:: DIRECTIONS FOR THIS TASK ::
Where the listing below reaches the line containing "Merry Style Damen", start writing out lines exactly, and stop once the line containing "Relógio Casio Feminino" has been written.

:: LISTED RECORDS ::

□ □ □ □

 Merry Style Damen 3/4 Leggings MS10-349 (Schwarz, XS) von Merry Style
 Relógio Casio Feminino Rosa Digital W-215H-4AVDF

□ □ □ □

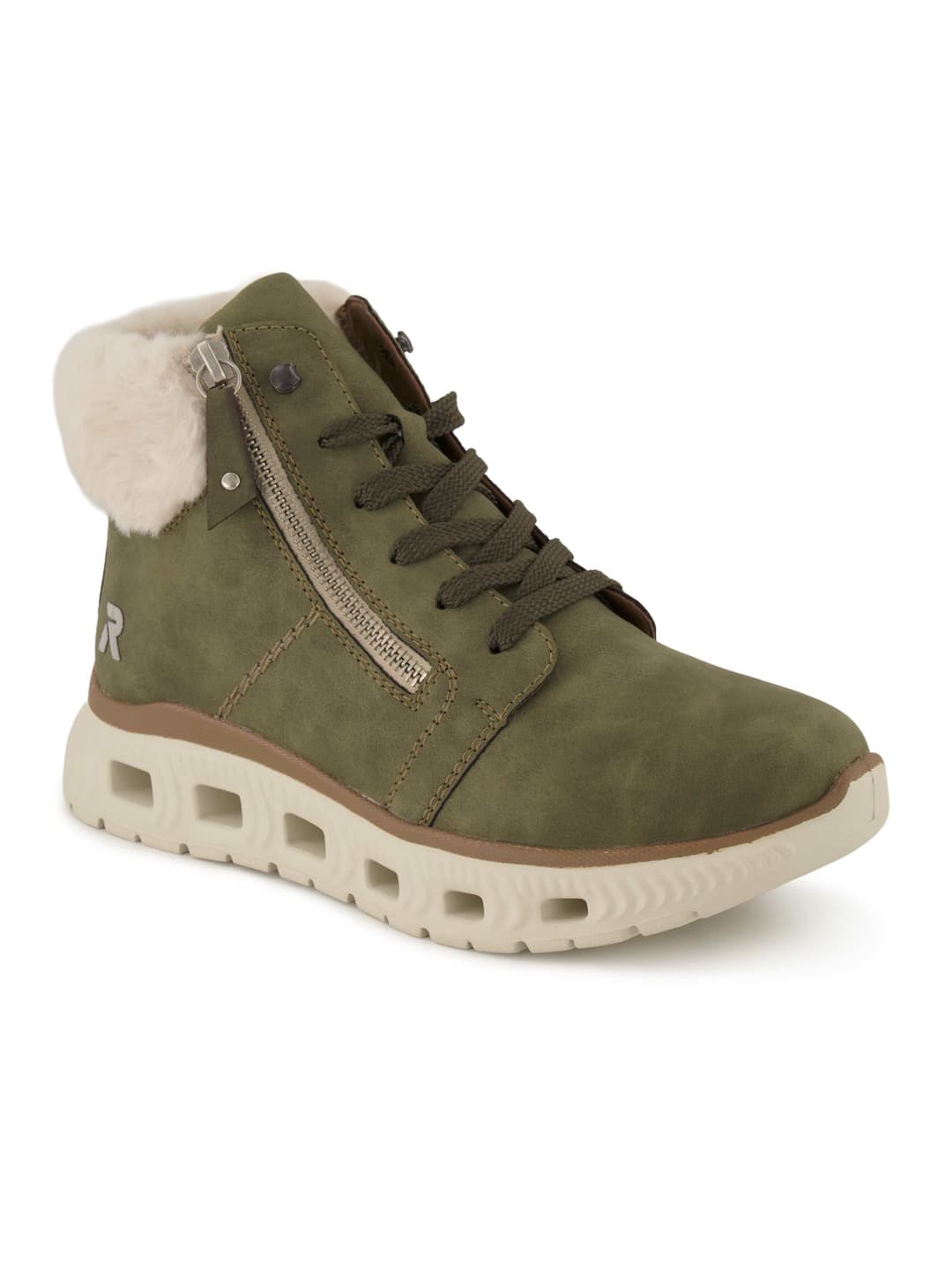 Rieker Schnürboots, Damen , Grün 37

□ □ □ □

:: SOLUTION ::
 Merry Style Damen 3/4 Leggings MS10-349 (Schwarz, XS) von Merry Style
 Relógio Casio Feminino Rosa Digital W-215H-4AVDF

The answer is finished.